The irony of a booming economy that isn’t providing enough tax support was pointed out in a recent national study. It showed Nevada’s tax structure more likely to fail to meet the state’s future needs than any other state.
The study ranked Nevada’s tax structure as vulnerable because there is no personal income tax and nearly half the state’s revenue comes from sales taxes, which can fluctuate widely with the economy. Property and income taxes are regarded as more stable and better indicators of economic wealth.
Nevada spends about $3.2 billion in its general fund and $10.9 billion in other expenses in its two-year budget.
Guinn made it clear, however, that changing the tax structure doesn’t necessarily mean increasing taxes.
In fact, his senior policy adviser, Denice Miller, said, state revenues per capita have declined since 1995 at the same time Nevada experienced spectacular economic and population growth. She said projections may soon show expenditures exceeding revenues in the next five to six years unless changes are made.

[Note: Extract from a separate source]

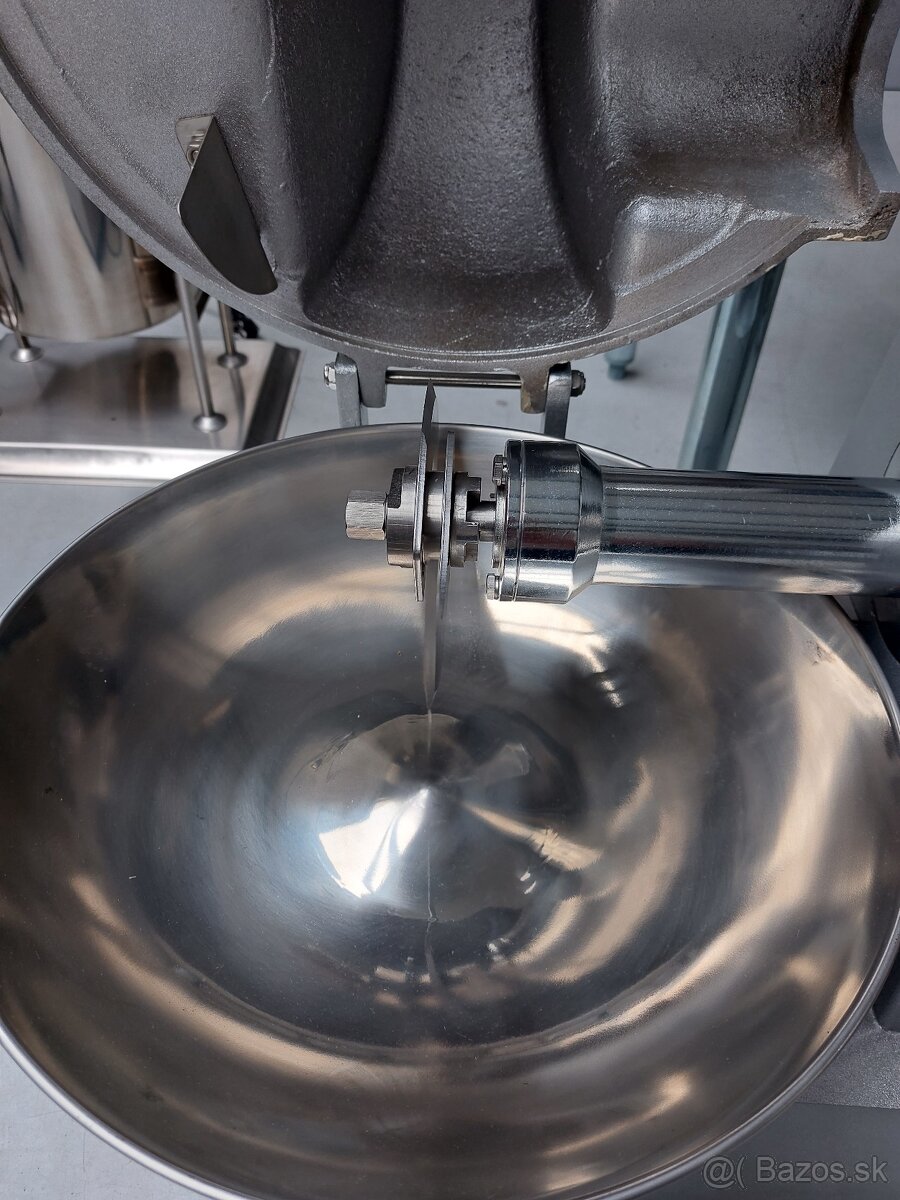 Mäsiarsky stolný kutr 5 L Mäsiarsky kuter stolný - 4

“We’re going to have to make some really tough decisions,” Guinn told legislative leaders. “And I know you’re going to help me because, if you don’t, I’m going to do them myself.”
He is inviting lawmakers into the budget process more than ever before. And he said after his staff completes a fundamental review of how state agencies operate, they will begin revamping how they do business.

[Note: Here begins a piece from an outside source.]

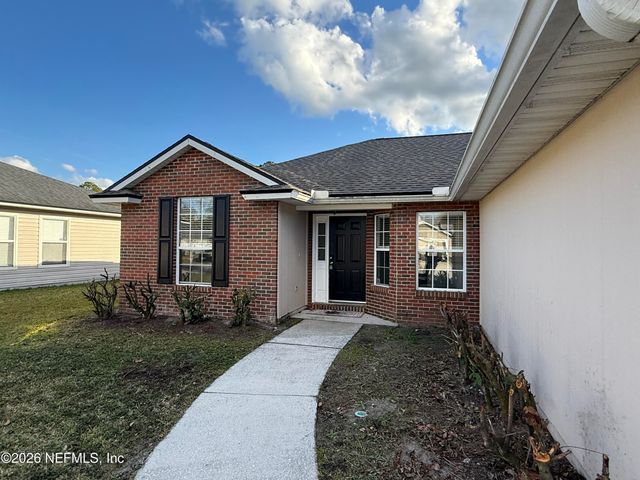 3849 HIDEAWAY Lane, Middleburg, FL 32068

Starting this year, he said, he wants state agencies to find ways to pay for new programs and expansions with savings from other parts of their budgets.

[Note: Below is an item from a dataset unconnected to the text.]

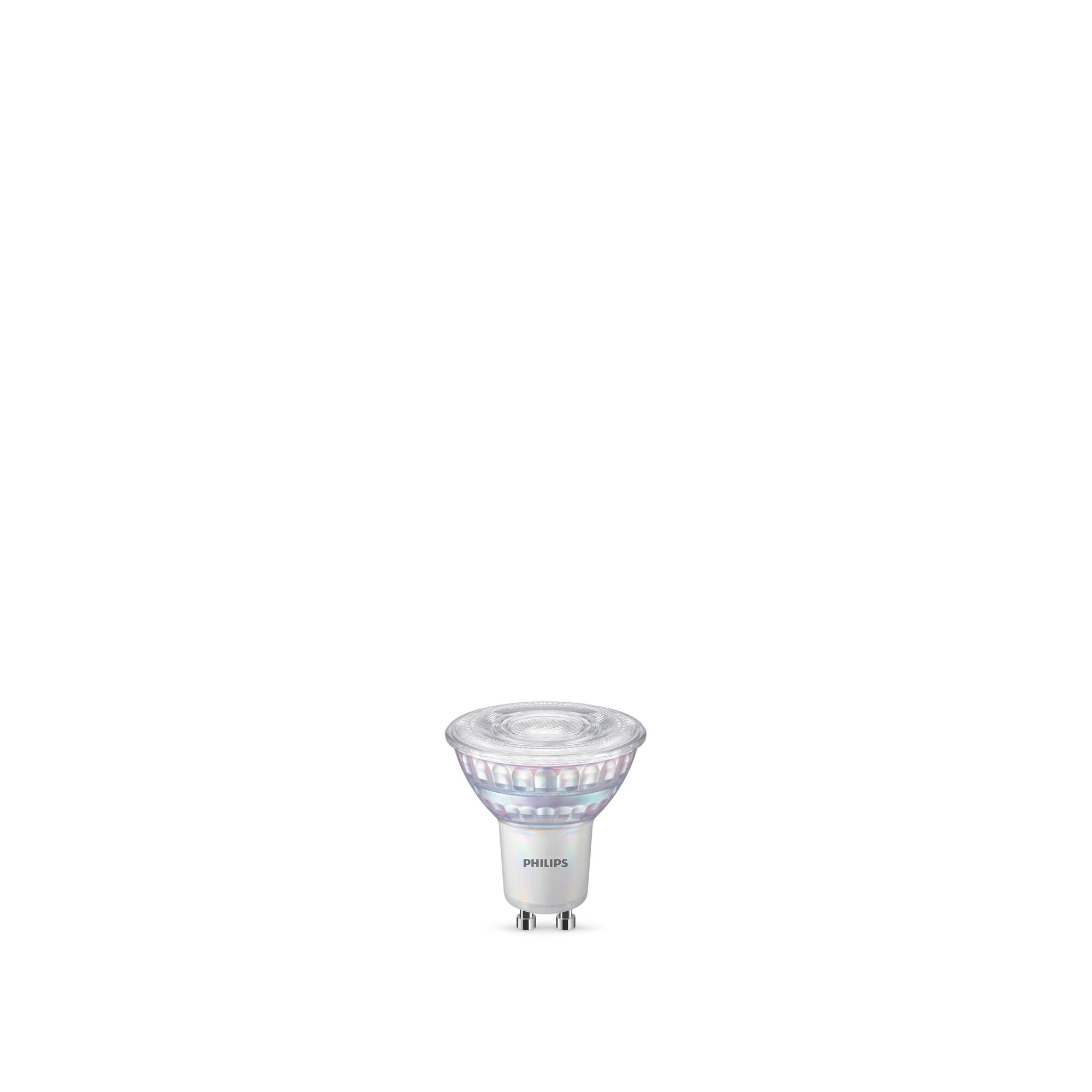 Dimmbares LED-Reflektorleuchtmittel von Philips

New money in the budget, he said, must be reserved for the state’s “super priorities” – set by the governor with help from lawmakers.
Legislators will be asked to submit budget recommendations as the next two-year spending plan is being built, instead of past practices in which the governor’s budget was revealed to them for the first time in the State of the State address at start of each legislative session.
“If we have, for example, a $300 million surplus, we want to stack that money on the side and give everybody an equal chance to prove their priorities,” he said.
He called for legislators to make recommendations on existing agency budgets, as well.
“We’ll give your recommendations the same value, the same consideration as anybody else’s.”
“If you don’t change anything you do today, then 98 percent of the budget is fixed,” he said, adding that the remaining 2 percent doesn’t provide much room for change.
Guinn, who campaigned on bringing his business experience to bear on state government, said state leaders must decide which services government should provide and how best to provide them. Then, the task is to decide how to pay for those services.
State agencies will have to live with what they have, or less, Guinn said – unless their needs fit into the “super priorities.”
Some programs, Guinn has said repeatedly, should go away.
“Government cannot and should not meet every need,” Miller told lawmakers. “That’s not what we ever envisioned as the mission of government. Government should instead identify those essential things it should do – and then it should do those things well.”